3. I like to use a tapered rolling pin instead of one with handles. It’s easier to roll the dough to an even thickness. I also find my wrists get less fatigued when making a lot of pies if I use this type of rolling pin. I had a marble rolling pin which is prized for being cooler than wood but it was so heavy that it compressed the fat and flour so the resulting crust was not as flaky as it should be.
4. When making a big pie (over 9-inches/23 cm) in diametre, I like to roll the dough out on waxed paper so that it has support when being moved. In fact, I often roll the top portion of dough on waxed paper and then transfer it to the refrigerator to rest. Then I roll out the bottom crust, line the pie plate and place the lined plate in the refrigerator while I prepare the filling.
5. Although I’m still not the world’s best crimper, I’ve learned to roll out enough dough so that there is ample overhanging dough to make a pretty edge.
6. If using frozen fruit, thaw completely before using and drain off all liquid. If you want to use these juices, reduce them in a saucepan or thicken them with cornstarch before stirring them back into the filling mixture.
7. Cut lots of little vent holes in the top crust instead of several larger vent holes to prevent the crust from rising and forming air pockets as the pie bakes.
8. Always bake pies on the very lowest oven rack so that the bottom crust is exposed to the highest heat possible. (I’ve tried cooking pies on a preheated pizza stone and it works quite well, by the way).

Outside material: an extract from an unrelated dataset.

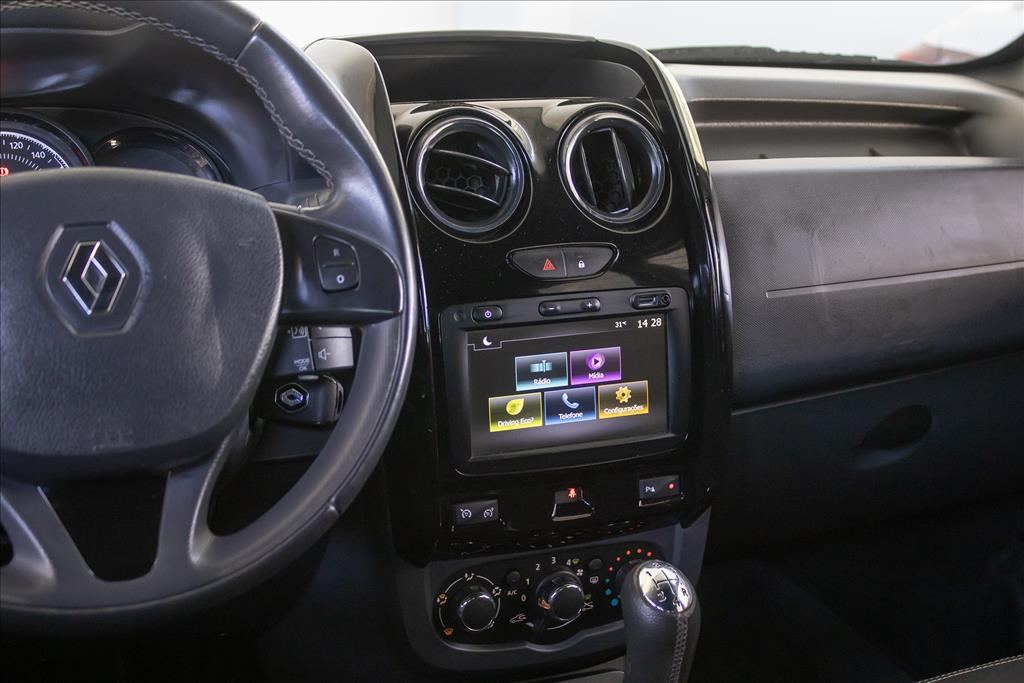 RENAULT DUSTER OROCH 2.0 16V HI-FLEX DYNAMIQUE MANUAL, foto 9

9. I always use a glass pie plate so that I can lift up my pie and check to see if the bottom crust is golden. If it isn’t, the pie bakes longer no matter what the recipe says.
10. Always bake fruit pies until the juices are bubbling. They don’t have to bubble over like my apple pie posted above but they must be boiling for the juices to thicken.
Have you ever had a pie making disappointment? If not, what tips can you share that ensure your pastry prowess?
Also: Happy Thanksgiving to my American readers! I hope you enjoy a wonderful meal with people you love to be with!